**WHAT YOU WILL DO**
Copy each line below containing "your".

**SOURCE DATA**
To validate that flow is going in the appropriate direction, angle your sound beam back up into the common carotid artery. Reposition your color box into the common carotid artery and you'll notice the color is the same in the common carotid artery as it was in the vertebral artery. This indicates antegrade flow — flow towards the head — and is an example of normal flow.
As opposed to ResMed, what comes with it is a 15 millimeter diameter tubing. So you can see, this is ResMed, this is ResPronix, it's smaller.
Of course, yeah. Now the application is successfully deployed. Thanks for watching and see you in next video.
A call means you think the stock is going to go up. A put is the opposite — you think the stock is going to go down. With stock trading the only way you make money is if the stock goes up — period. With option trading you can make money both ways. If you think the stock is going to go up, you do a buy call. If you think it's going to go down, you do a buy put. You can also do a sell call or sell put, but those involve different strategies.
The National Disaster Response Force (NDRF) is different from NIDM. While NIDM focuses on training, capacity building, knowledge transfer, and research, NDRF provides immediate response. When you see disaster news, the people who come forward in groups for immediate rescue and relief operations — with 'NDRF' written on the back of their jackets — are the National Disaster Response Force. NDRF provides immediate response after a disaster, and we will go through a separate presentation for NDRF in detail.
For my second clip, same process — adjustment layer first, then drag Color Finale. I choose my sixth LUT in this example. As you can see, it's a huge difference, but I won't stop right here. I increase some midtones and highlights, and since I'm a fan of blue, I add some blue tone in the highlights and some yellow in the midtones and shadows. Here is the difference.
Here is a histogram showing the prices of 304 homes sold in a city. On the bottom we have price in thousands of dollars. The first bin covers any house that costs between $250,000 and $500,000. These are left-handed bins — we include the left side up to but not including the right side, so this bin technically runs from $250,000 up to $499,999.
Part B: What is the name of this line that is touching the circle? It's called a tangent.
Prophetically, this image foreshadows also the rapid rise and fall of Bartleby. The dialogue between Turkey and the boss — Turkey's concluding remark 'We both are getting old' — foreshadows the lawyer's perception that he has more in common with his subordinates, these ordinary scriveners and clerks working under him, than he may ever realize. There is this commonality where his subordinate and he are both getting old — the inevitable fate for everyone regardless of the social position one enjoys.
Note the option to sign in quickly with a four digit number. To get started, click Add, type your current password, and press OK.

**ANSWER SPACE**
To validate that flow is going in the appropriate direction, angle your sound beam back up into the common carotid artery. Reposition your color box into the common carotid artery and you'll notice the color is the same in the common carotid artery as it was in the vertebral artery. This indicates antegrade flow — flow towards the head — and is an example of normal flow.
Note the option to sign in quickly with a four digit number. To get started, click Add, type your current password, and press OK.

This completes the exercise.